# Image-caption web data
========
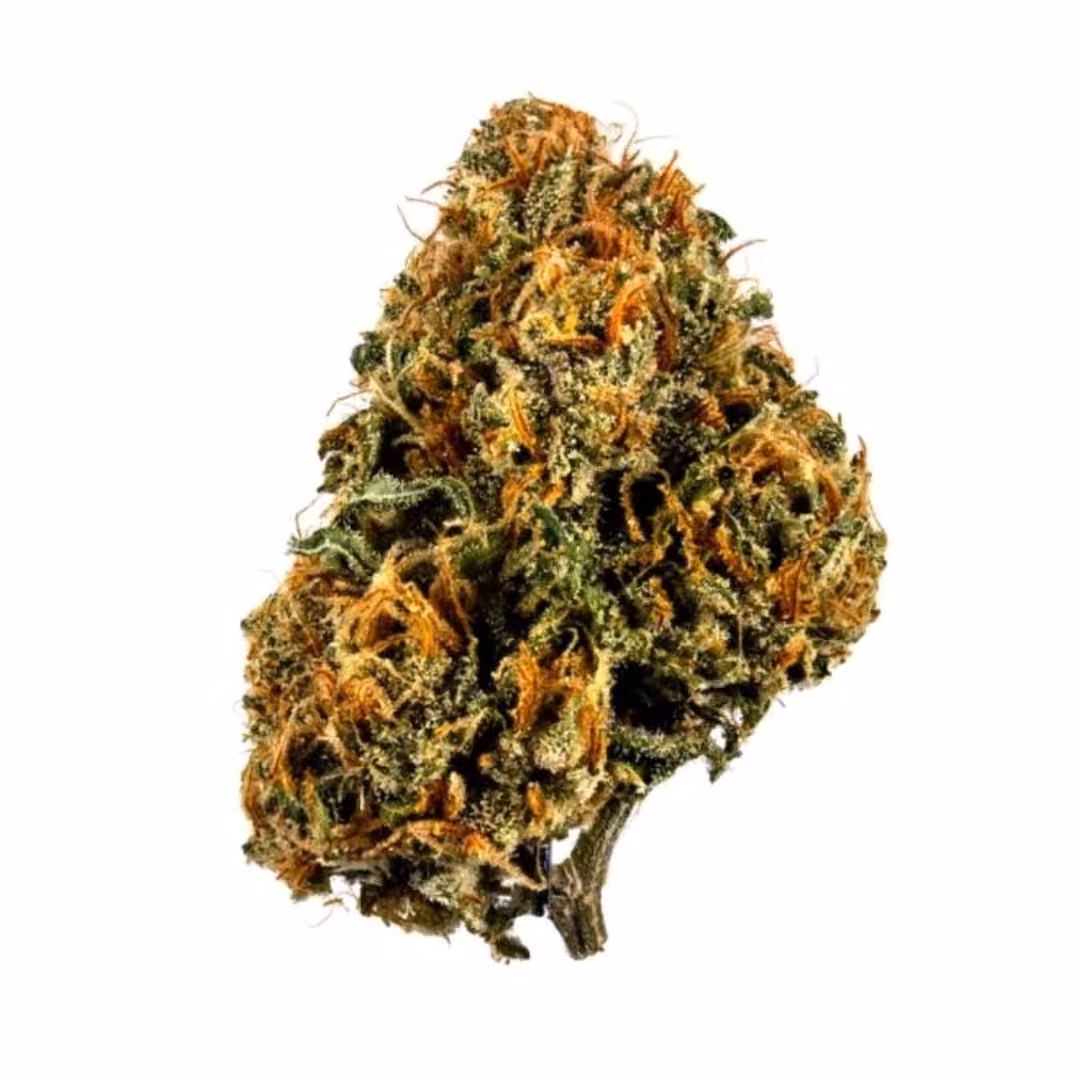 Cannabis-Shop Club 5921 Logo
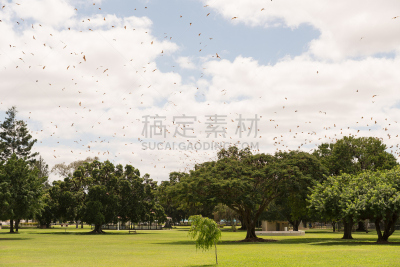 小红毛狐蝠,大群动物,狐蝠,水果蝙蝠,昆虫群,蝙蝠,天空,美,公园,水平画幅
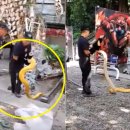 도심공원 이미지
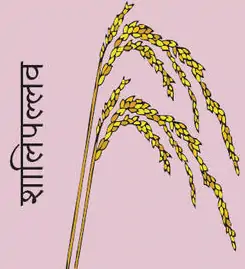 Rice sprig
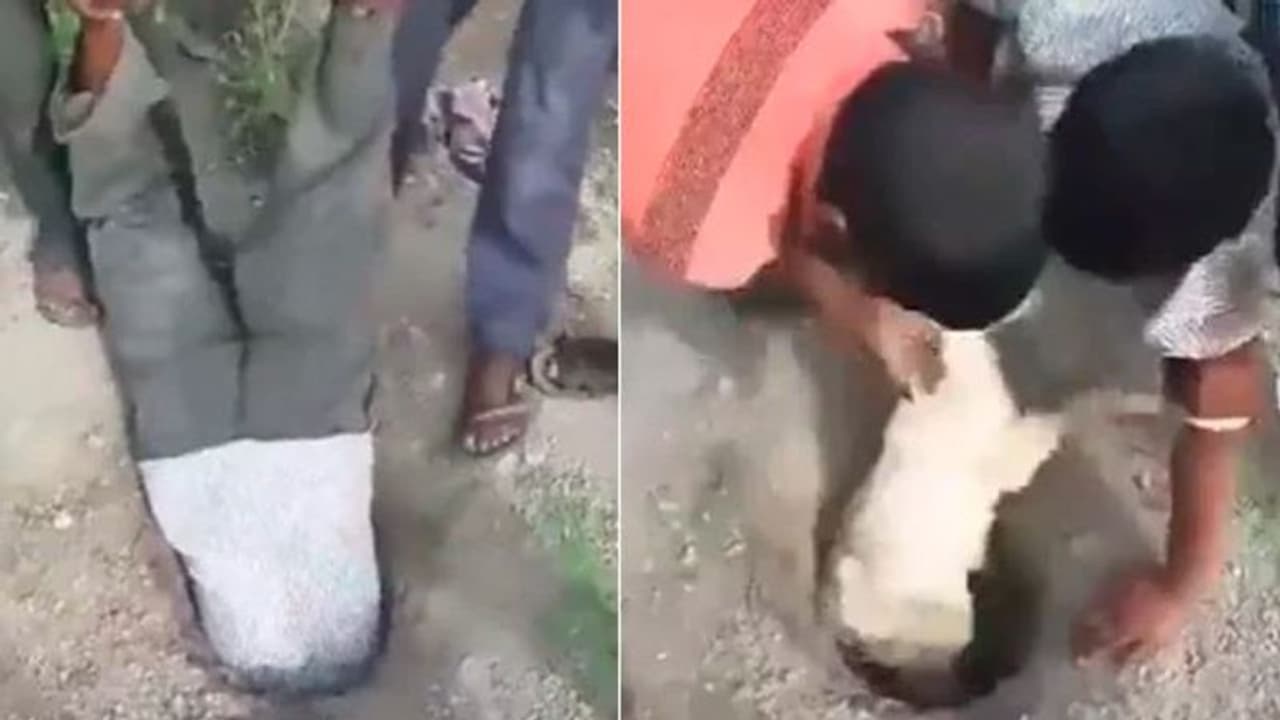 इंसानियत की मिसाल : शख्स ने जान पर खेलकर बचाई बकरी के बच्चे की जान, नेटिजन्स बोले ऐसा सिर्फ भारत में संभव इंसानियत की मिसाल : शख्स ने जान पर खेलकर बचाई बकरी के बच्चे की जान, नेटिजन्स बोले ऐसा सिर्फ भारत में संभव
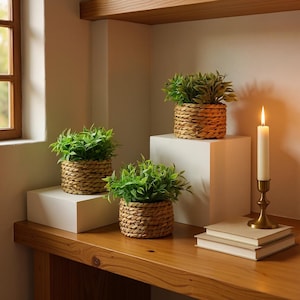 May include: Three small potted plants with green foliage in woven baskets sit on a wooden surface. A lit candle in a gold-coloured holder and two books are also on the surface. The plants are arranged on white pedestals.
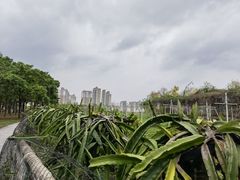-凤岭儿童公园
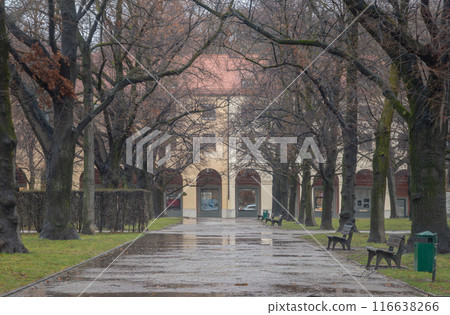 Wooden benches and Trees in the garden of the Munich Residenz on a rainy day with Hofgartenarkaden building in the background. Wooden benches and Trees in the garden of the Munich Residenz on a rainy day with Hofgartenarkaden building in the background. 116638266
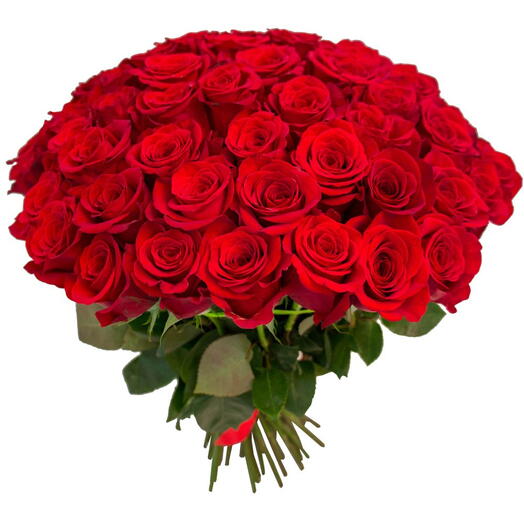 51 red rosess gul buketi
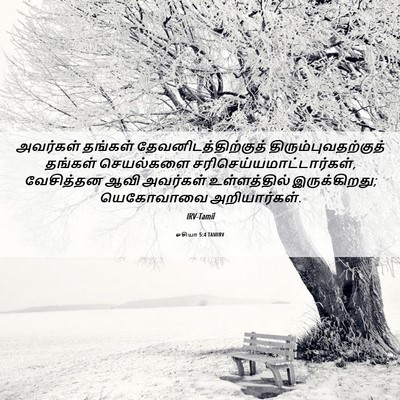 Picture 06 - ஓசியா 5:4 TAMIRV - அவர்கள் தங்கள் - Bible Verse Picture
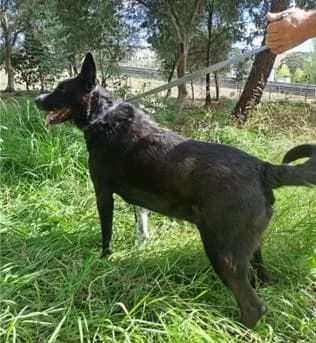 PETIFYC10486 photo 3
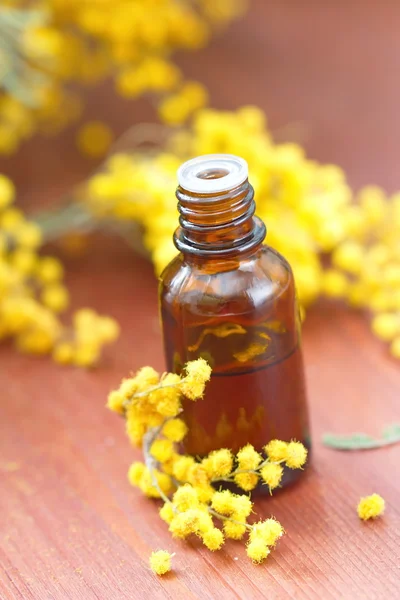 Mimosa väsentliga aromaolja — Stockfoto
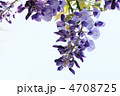 藤の花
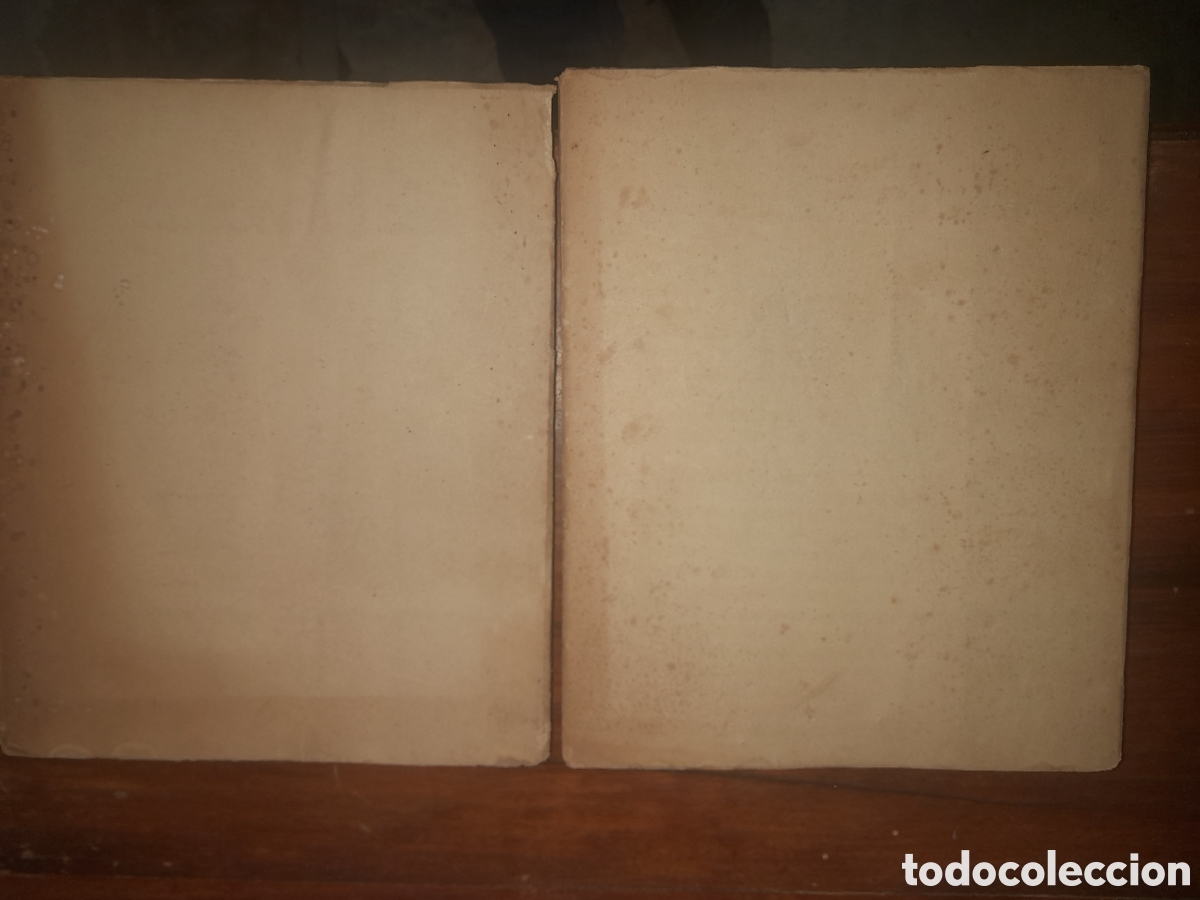 Libros antiguos: La Palestina illustree - Foto 2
========
# What the task asks
Beginning at the line with "Mimosa väsentliga aromaolja — Stockfoto", reproduce word for word each line through the last line of the records. Include both ends but no pictures.

# Your solution
 Mimosa väsentliga aromaolja — Stockfoto
 藤の花
 Libros antiguos: La Palestina illustree - Foto 2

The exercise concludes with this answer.